Our therapist also handed out a  reading from a book with a proverb for each day.  This one was dated May 12.  The last paragraph really spoke to me.

“By all means, take whatever action you can against a troubling flaw.  Many have lifted a sagging self-esteem by getting their bodies in shape or getting counseling to tame a negative emotional impulse.  But it is always a mistake to hinge our self-esteem on the few clumsy brushstrokes of an otherwise lovely portrait.”

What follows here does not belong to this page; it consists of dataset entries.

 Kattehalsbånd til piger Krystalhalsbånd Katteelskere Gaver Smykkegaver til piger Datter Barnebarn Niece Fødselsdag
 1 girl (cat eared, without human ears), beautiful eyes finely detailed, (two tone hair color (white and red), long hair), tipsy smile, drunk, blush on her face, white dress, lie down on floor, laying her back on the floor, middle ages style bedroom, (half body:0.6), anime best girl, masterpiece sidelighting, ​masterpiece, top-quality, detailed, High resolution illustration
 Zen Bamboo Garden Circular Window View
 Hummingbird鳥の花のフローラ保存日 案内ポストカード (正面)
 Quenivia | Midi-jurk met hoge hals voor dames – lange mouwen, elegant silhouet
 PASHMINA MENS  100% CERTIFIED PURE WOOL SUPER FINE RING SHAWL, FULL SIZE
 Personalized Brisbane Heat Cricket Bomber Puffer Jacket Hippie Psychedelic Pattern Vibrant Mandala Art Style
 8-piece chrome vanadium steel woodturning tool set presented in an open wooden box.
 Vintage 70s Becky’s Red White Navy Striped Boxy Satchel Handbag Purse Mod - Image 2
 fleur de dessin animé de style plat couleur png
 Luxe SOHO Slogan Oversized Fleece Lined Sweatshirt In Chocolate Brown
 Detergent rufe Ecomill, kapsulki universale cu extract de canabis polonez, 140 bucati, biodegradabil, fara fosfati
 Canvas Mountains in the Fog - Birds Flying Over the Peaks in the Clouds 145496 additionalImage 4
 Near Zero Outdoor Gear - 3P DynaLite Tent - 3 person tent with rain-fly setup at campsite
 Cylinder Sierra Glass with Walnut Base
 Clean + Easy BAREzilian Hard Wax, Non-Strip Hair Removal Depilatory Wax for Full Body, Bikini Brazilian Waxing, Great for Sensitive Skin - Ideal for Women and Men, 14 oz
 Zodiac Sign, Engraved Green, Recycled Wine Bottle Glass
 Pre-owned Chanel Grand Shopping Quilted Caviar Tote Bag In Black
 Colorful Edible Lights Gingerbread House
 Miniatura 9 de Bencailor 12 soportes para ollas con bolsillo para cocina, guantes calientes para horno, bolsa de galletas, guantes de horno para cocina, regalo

I love the last sentence the most.  What is perfection?  Will we ever be thin enough? Will we ever  be tall enough? Have the perfect eyebrows?  The perfect lips?  What is perfection to you?  This brings me back to the surgery.  Today an eye surgeon will implant something to lift my lower lid on my right eye.  It droops slightly.  This imperfection is something I have lived with for 16 years.  Of course, I had many surgeries in hopes of making myself symmetrical again.  I have been dealing with my insurance company for the last 2 years to get an ocular plastic surgeon in my network.  I’ve obsessed and obsessed letting this one flaw contribute to my already low self-esteem.  Now, on the morning of the surgery, I’m excited but I am also not the same person I was just 2 months ago.   I must remind myself that I am a whole person as that reading stated.  We are more than just the sum of our parts.  What is perfection?  Whatever you deem it to be.  It does not have to be what society and social media tell us it is.  Don’t hinge your self-esteem on a few clumsy brushstrokes in an otherwise lovely portrait.